Site unavailable due to errant database migration

Incident Report for Atlassian Statuspage

Postmortem

Summary

On 08/12/2019, between 08:09am - 08:16am, there was a hard outage across multiple components of Statuspage. This event was triggered by an errant database migration.

Background

As part of an application change pertaining to authentication changes, we needed to drop some legacy attributes from primary database, requiring an ad-hoc database migration. We expected this migration to be a transparent change unfortunately it lead to a ~ 7 minute outage across our services.

Cause

Database migrations that involve actions such as "dropping columns" introduce a table level lock. While this is not the first time we have worked on database migrations of this nature, on this particular day we had increased activity from some of our worker jobs that were causing intermittent "locks" thereby queuing the database migration. This lead to an increased time to process the actual migration script, and blocking subsequent calls to those specific database tables. This inadvertent block attributed to a 7 minute outage across our services.

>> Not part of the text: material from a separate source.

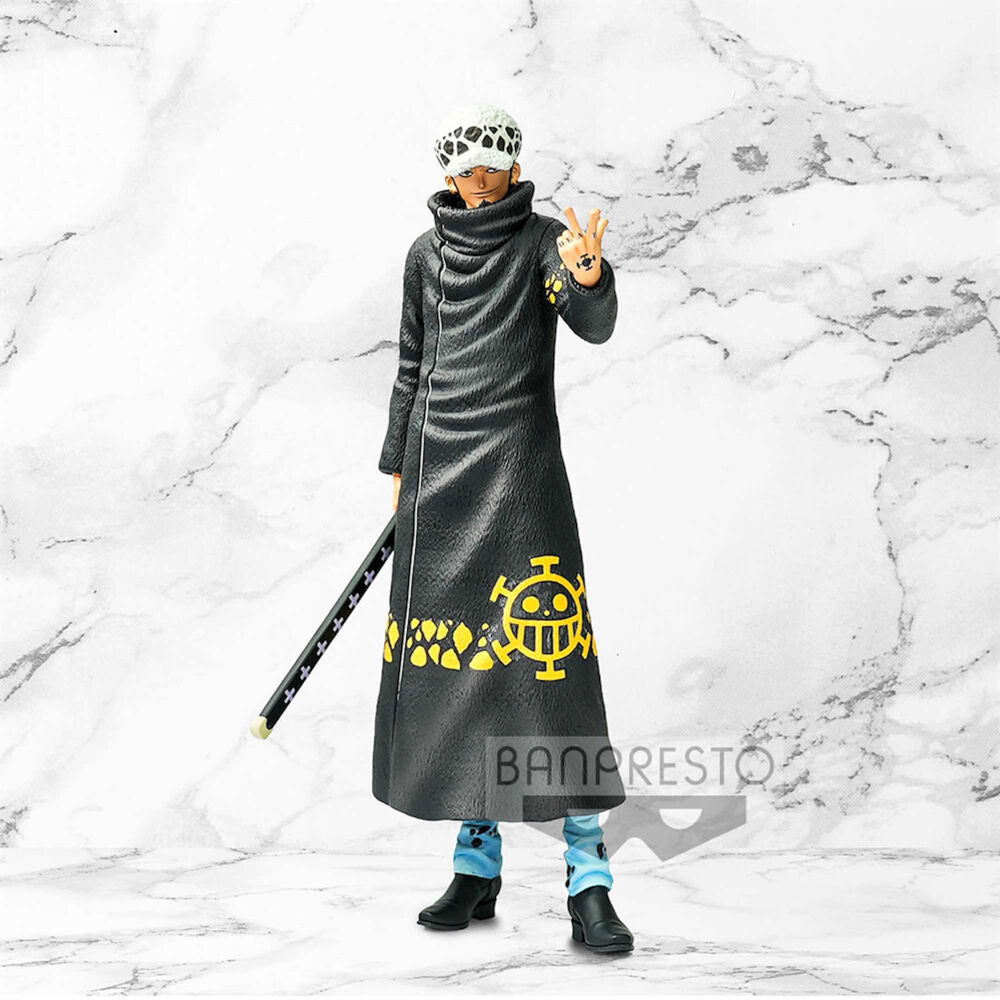 Imagen 4 - Figura Grandista Nero Traflagar Law One Piece 29Cm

What are we changing going forward ?

Reliability and uptime for our services remain top priority. We will be hardening our ad-hoc database migration process such that it takes into consideration increased database activity and avoids impacting subsequent operations to our services.

We apologize for the disruption in our service as a result of this incident and thank you for trusting us with your incident communication. Please use this form to contact us, incase you have any further questions regarding this outage.

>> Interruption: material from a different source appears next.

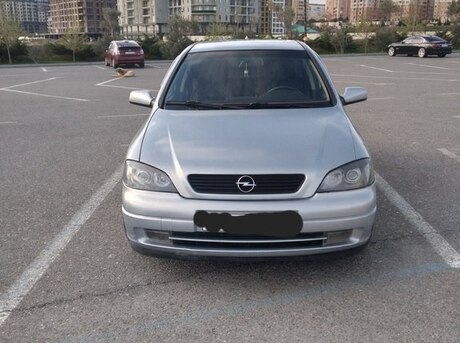 Opel Astra 2002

Posted Sep 06, 2019 - 10:55 PDT

Resolved

This incident has been resolved.

Posted Aug 12, 2019 - 09:50 PDT

Monitoring

A routine data migration was found to have locked the primary database, causing request timeouts for all inbound requests.

Everything has since recovered and is operating normally.

Posted Aug 12, 2019 - 09:26 PDT

Identified

We're investigating site unresponsiveness across all web entities

Posted Aug 12, 2019 - 09:14 PDT

This incident affected: Hosted Pages (HTTP Pages, HTTPS Pages, Status Embed Widget, Public API, Shortlinks), Authentication (Admin User+Pass, Admin Google Auth, Admin SAML 2.0, Page Access Users, Page Google Auth, Page SAML 2.0, Page IP Restriction), Management (Web Portal, Authenticated API, DNS Validation, SSL Provisioning, Billing), Third Party Components (Statuspage, External), Automation (Pingdom Email, New Relic Email, Generic Email, PagerDuty Webhook, Jira Software Integration), Notifications (Email, SMS, Webhook, Twitter), System Metrics (Pingdom Integration, Librato Integration, New Relic Integration, Datadog Integration, Custom Integration), Support Sites (Ticketing, Knowledge Base, API Documentation), and Chat Integrations (Slack).